Mas o bom mesmo começa na quinta. Vixe! O povo vem todo safado trabalhar, os telefonemas são dados e os encontros são marcados - eu já garanti o meu – minha vó Helena sempre diz: - Se a farinha é pouca, meu pirão primeiro! Depois os outros dizem que baiano é besta, sei... É na quinta-feira que o vendedor de peixe e frutos do mar aparece, mas só na quinta. Na calçada mesmo ele limpa o peixe, pesa o siri catado e o siri mole, corta a lula em rodelas, vende também o coentro, a cebolinha e o hortelã grosso. Ele sabe que as mulheres preparam o jantar especial de amanhã e que os bares preparam os aperitivos do outro dia. Sábio homem. Peixe temperado de um dia pro outro é tudo de bom, marisco então nem se fala. Ah! Tem também um cheiro delicioso de pão doce e na padaria pertinho daqui a gente come pão farofa. Hum... dois, três. Tá bom! Três é o número.

Enfim chega o dia esperado. Para o povo do comércio é graça gritar mais alto. Vende mais aquele que esbanja alegria, satisfação e disposição. O dia está apenas começando e ele promete... Hoje tem menino correndo da mãe ao sair da escola, tem ‘quemado’ de coco coberto com calda de açúcar que a vendedora jura que é diet e tem o gaiato que bole no cabelo da menina mais gostosa da escola e como troco leva um tapa. Pensa que ele acha ruim? Que nada, faz parte do dia. É engraçado ver os adolescentes, adoro. Os adultos acham que não se comportam mais assim, como se enganam... a fuleirajem está em todas as idades. Hoje os hotéis se transformam em motéis ao acenderem as luminárias de suas fachadas, os bares invadem a calçada com suas mesas e cadeiras e o som do ‘arrocha’ já está nas alturas. A noite promete! O garçom arruma as mesas no mesmo ritmo que ginga e olha a mulher que passa. Enquanto a loira é gelada, a morena que chega pro encontro marcado ferve em ebulição. É sexta-feira. Usei branco, fui à missa no Bonfim, acompanhei a semana que passou. Lembra da segunda? A segunda-feira? Ela agora não tem a menor importância, passemos por cima dela.
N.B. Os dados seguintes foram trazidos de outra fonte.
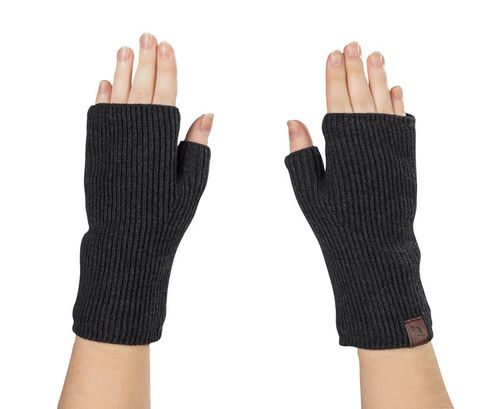 Back on Track Ash Knitted Wrist Gaiters - Dark Grey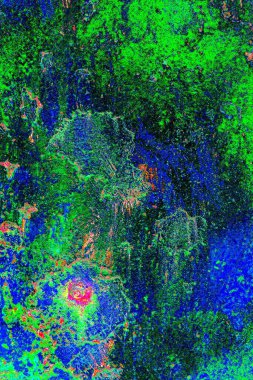 Çizik ve çatlaklarla metal doku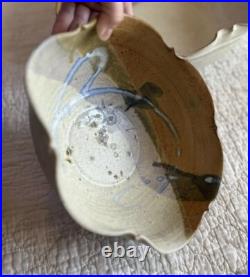 Vintage Hand Thrown Studio Pottery Signed Nesting Bowls Set of 3 Earth Tone Blue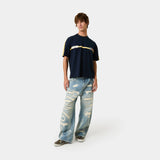 Divide Navy Oversized Tee T-shirts Eme Studios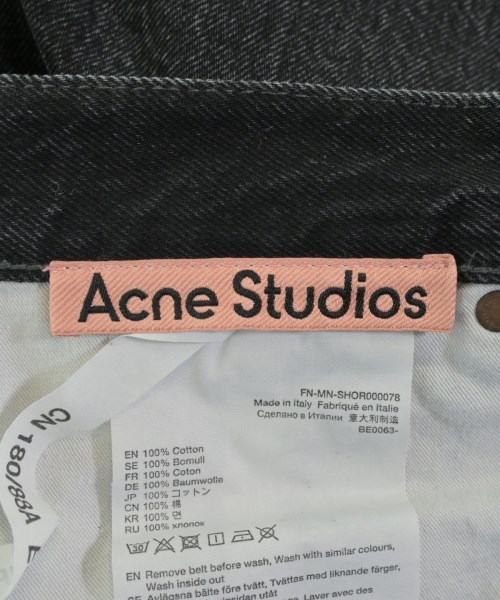 Acne Studios（アクネストゥディオズ）ショートパンツ 黒 サイズ:32(L位) メンズ/2200649900169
Entendi enfim, que o centro jamais poderá ser diferente e que o passar da semana por ele nada mais é do que a preparação para o carnaval que em fevereiro ou março vai invadir o centro da cidade do Salvador e fazer a festa com outros milhões que não são, nem de perto, baianos, mas que enfim entendem o que é que a Bahia tem. Viva a nossa inversão de valores.

Não esqueça, no circuito alternativo da cidade tem, toda terça-feira - que é dia de Benção – o xou de Gerônimo nas escadarias do Carmo. Não tem desculpa, é de graça, é programa 0800. Meu irmão, se você ainda não foi, passe lá. - Axé!